Além do grave cenário registrado no sudoeste piauiense, o monitoramento governamental aponta que o fogo também ameaça outras importantes áreas do estado. Foram detectados focos ativos de queimadas nos municípios de Oeiras, São João da Varjota, Flores do Piauí, Gilbués e Santa Filomena. A dispersão desses focos por diferentes zonas geográficas exige um esforço logístico coordenado das equipes de brigadistas e do Corpo de Bombeiros para conter o avanço do desastre ecológico.

A persistência das chamas por mais de duas semanas em algumas localidades acende um alerta vermelho para a saúde pública e a preservação da fauna e flora locais. A fumaça densa gerada pelos incêndios compromete a qualidade do ar nas cidades vizinhas, aumentando significativamente a busca por atendimento médico devido a problemas respiratórios, especialmente entre crianças e idosos. Além disso, a perda de habitat força animais silvestres a fugirem em direção a rodovias e áreas urbanas, elevando o risco de atropelamentos.
O atual cenário de queimadas no Piauí é severamente agravado pelas condições meteorológicas vigentes. O estado atravessa um período caracterizado por tempo extremamente seco, temperaturas máximas elevadas e índices de umidade relativa do ar muito abaixo dos níveis recomendados. Esse conjunto de fatores climáticos atua como um catalisador, ressecando a vegetação rasteira e transformando-a em combustível altamente inflamável, o que facilita a propagação rápida das chamas mesmo com ventos fracos.

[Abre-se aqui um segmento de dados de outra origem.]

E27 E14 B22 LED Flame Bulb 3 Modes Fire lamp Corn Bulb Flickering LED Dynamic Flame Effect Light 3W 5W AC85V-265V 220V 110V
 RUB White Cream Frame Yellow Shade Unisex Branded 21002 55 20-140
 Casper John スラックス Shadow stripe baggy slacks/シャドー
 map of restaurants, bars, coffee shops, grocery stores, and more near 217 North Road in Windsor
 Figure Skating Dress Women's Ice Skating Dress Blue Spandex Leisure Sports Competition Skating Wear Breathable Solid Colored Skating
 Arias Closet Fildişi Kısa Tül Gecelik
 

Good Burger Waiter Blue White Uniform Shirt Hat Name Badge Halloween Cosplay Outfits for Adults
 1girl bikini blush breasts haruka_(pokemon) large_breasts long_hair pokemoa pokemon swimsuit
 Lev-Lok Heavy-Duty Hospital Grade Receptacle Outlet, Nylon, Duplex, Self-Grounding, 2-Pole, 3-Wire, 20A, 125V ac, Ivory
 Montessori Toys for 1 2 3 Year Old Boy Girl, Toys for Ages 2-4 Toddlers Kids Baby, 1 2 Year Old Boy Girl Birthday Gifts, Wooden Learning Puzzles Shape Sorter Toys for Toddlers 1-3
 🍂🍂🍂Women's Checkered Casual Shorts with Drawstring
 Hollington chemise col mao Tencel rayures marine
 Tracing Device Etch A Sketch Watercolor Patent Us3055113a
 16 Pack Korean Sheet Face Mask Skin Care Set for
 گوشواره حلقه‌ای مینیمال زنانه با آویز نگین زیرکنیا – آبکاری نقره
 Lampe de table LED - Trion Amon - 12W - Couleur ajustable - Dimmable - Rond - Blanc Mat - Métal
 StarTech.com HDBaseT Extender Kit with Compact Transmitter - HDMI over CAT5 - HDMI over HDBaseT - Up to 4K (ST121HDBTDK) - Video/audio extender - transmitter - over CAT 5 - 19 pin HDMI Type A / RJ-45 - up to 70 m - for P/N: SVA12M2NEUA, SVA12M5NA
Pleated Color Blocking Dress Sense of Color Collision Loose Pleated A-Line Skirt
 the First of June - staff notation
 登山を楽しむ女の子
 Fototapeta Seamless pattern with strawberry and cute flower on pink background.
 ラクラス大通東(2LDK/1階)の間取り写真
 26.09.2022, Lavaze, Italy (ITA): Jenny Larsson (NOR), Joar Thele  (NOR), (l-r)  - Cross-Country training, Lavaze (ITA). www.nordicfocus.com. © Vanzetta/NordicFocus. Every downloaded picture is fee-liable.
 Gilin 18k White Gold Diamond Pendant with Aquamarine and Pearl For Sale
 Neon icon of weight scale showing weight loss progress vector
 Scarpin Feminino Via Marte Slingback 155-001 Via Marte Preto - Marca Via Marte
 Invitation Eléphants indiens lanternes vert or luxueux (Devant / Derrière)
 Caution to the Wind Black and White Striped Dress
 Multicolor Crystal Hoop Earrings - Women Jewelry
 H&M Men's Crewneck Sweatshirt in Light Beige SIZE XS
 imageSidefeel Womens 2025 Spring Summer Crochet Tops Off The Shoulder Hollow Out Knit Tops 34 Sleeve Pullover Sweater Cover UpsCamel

Diante da gravidade da situação, a Semarh-PI e a Defesa Civil reforçam as orientações preventivas direcionadas à população rural e urbana. As autoridades apelam para que os cidadãos evitem terminantemente o uso do fogo para a limpeza de terrenos agrícolas, queima de lixo doméstico ou renovação de pastagens. A prática de queimadas controladas está suspensa devido ao alto risco de perda de controle. O apoio da comunidade é considerado indispensável para evitar que novas ocorrências sobrecarreguem o sistema de resposta a emergências do estado.